# K-Nearest Neighbors (k-NN) Algorithm
<a name="k-nearest-neighbors"></a>

Amazon SageMaker AI k-nearest neighbors (k-NN) algorithm is an index-based algorithm. It uses a non-parametric method for classification or regression. For classification problems, the algorithm queries the *k* points that are closest to the sample point and returns the most frequently used label of their class as the predicted label. For regression problems, the algorithm queries the *k* closest points to the sample point and returns the average of their feature values as the predicted value. 

Training with the k-NN algorithm has three steps: sampling, dimension reduction, and index building. Sampling reduces the size of the initial dataset so that it fits into memory. For dimension reduction, the algorithm decreases the feature dimension of the data to reduce the footprint of the k-NN model in memory and inference latency. We provide two methods of dimension reduction methods: random projection and the fast Johnson-Lindenstrauss transform. Typically, you use dimension reduction for high-dimensional (d >1000) datasets to avoid the “curse of dimensionality” that troubles the statistical analysis of data that becomes sparse as dimensionality increases. The main objective of k-NN's training is to construct the index. The index enables efficient lookups of distances between points whose values or class labels have not yet been determined and the k nearest points to use for inference.

**Topics**
+ [Input/Output Interface for the k-NN Algorithm](#kNN-input_output)
+ [k-NN Sample Notebooks](#kNN-sample-notebooks)
+ [How the k-NN Algorithm Works](kNN_how-it-works.md)
+ [EC2 Instance Recommendation for the k-NN Algorithm](#kNN-instances)
+ [k-NN Hyperparameters](kNN_hyperparameters.md)
+ [Tune a k-NN Model](kNN-tuning.md)
+ [Data Formats for k-NN Training Input](kNN-in-formats.md)
+ [k-NN Request and Response Formats](kNN-inference-formats.md)

## Input/Output Interface for the k-NN Algorithm
<a name="kNN-input_output"></a>

SageMaker AI k-NN supports train and test data channels.
+ Use a *train channel* for data that you want to sample and construct into the k-NN index.
+ Use a *test channel* to emit scores in log files.
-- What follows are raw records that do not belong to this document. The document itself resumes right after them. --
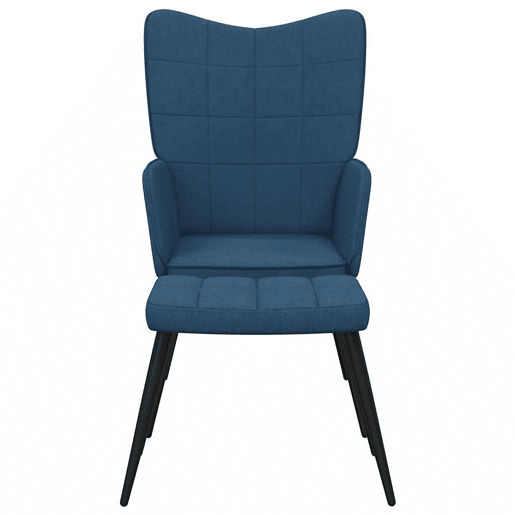 vidaXL Cadeira de descanso com banco tecido azul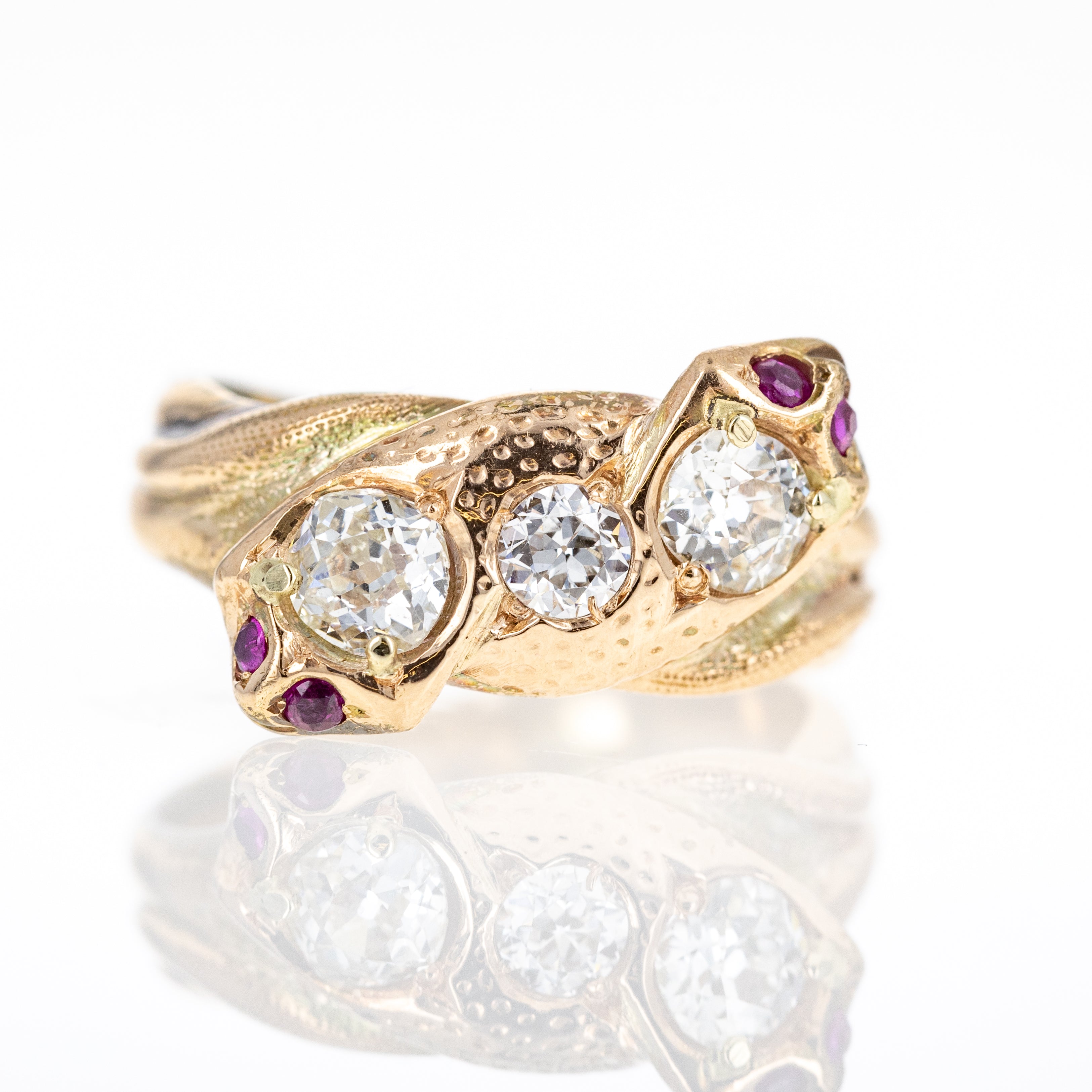 Victorian 18K Yellow Gold Old European Cut Diamond and Ruby Snake Ring -  Replica Handbags 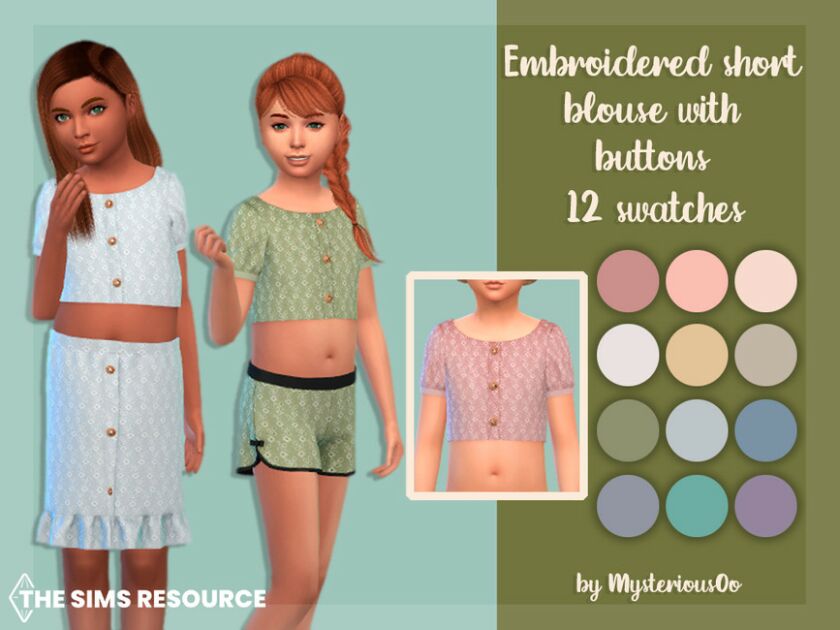 Embroidered Short Blouse With Buttons By Mysteriousoo Sims 4 CC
Scores are listed as one line per mini-batch: accuracy for `classifier`, mean-squared error (mse) for `regressor` for score.

For training inputs, k-NN supports `text/csv` and `application/x-recordio-protobuf` data formats. For input type `text/csv`, the first `label_size` columns are interpreted as the label vector for that row. You can use either File mode or Pipe mode to train models on data that is formatted as `recordIO-wrapped-protobuf` or as `CSV`.

For inference inputs, k-NN supports the `application/json`, `application/x-recordio-protobuf`, and `text/csv` data formats. The `text/csv` format accepts a `label_size` and encoding parameter. It assumes a `label_size` of 0 and a UTF-8 encoding.

For inference outputs, k-NN supports the `application/json` and `application/x-recordio-protobuf` data formats. These two data formats also support a verbose output mode. In verbose output mode, the API provides the search results with the distances vector sorted from smallest to largest, and corresponding elements in the labels vector.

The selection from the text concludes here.